Prime Minister Binyamin Netanyahu says that Iran mocks the Holocaust while plotting another one against the Jews.
Netanyahu spoke Sunday, at the beginning of the weekly Cabinet meeting, following an international cartoon contest Iran staged over the weekend depicting the Holocaust. Iran has long backed armed groups committed to Israel’s destruction and its leaders have called for it to be wiped off the map.
Israel fears that Iran’s nuclear program is designed to threaten its very existence. But Netanyahu says it is not merely Iran’s aggressive policies that Israel opposes, but its values. “It denies the Holocaust, it mocks the Holocaust and it is also preparing another Holocaust,” he said.
“I think that every country in the world must stand up and fully condemn this. This is what I told U.S. Secretary of State John Kerry yesterday,” noted Netanyahu.
State Department spokesman Mark Toner, traveling with Secretary of State John Kerry in Saudi Arabia, said the United States was concerned the contest could “be used as a platform for Holocaust denial and revisionism and egregiously anti-Semitic speech, as it has in the past.”
“Such offensive speech should be condemned by the authorities and civil society leaders rather than encouraged. We denounce any Holocaust denial and trivialization as inflammatory and abhorrent. It is insulting to the memory of the millions of people who died in the Holocaust,” Toner said.
Contest organizer Masuod Shojai Tabatabaei said the purpose of the Tehran event was not to deny the Holocaust but rather to criticize alleged Western double standards regarding free expression — and particularly as a response to depictions of the founder of Islam by the French satirical magazine Charlie Hebdo and others.

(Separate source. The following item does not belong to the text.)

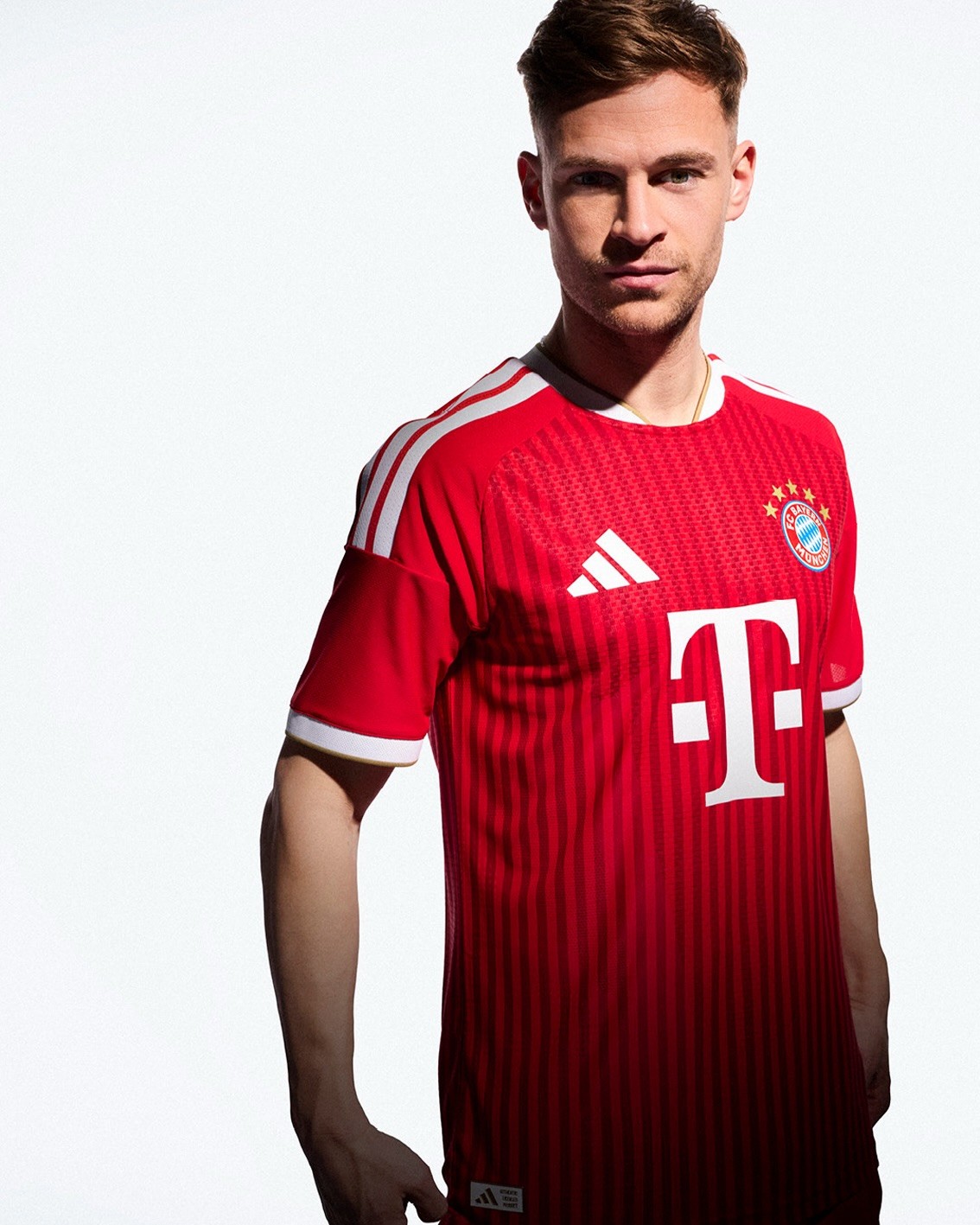 Bayern München Heimtrikot 2026-2027 Retro mit Gold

The exhibit featured some 150 works from 50 countries, with many portraying Israel as using the Holocaust to distract attention from the Palestinians, and others comparing Netanyahu to Nazi leader Adolf Hitler.
The contest was organized by non-governmental bodies with strong support from Iran’s hard-liners. A previous contest in 2006 got a boost from then-President Mahmoud Ahmadinejad, a fellow hard-liner who referred to the Holocaust as a “myth” and repeatedly predicted Israel’s demise.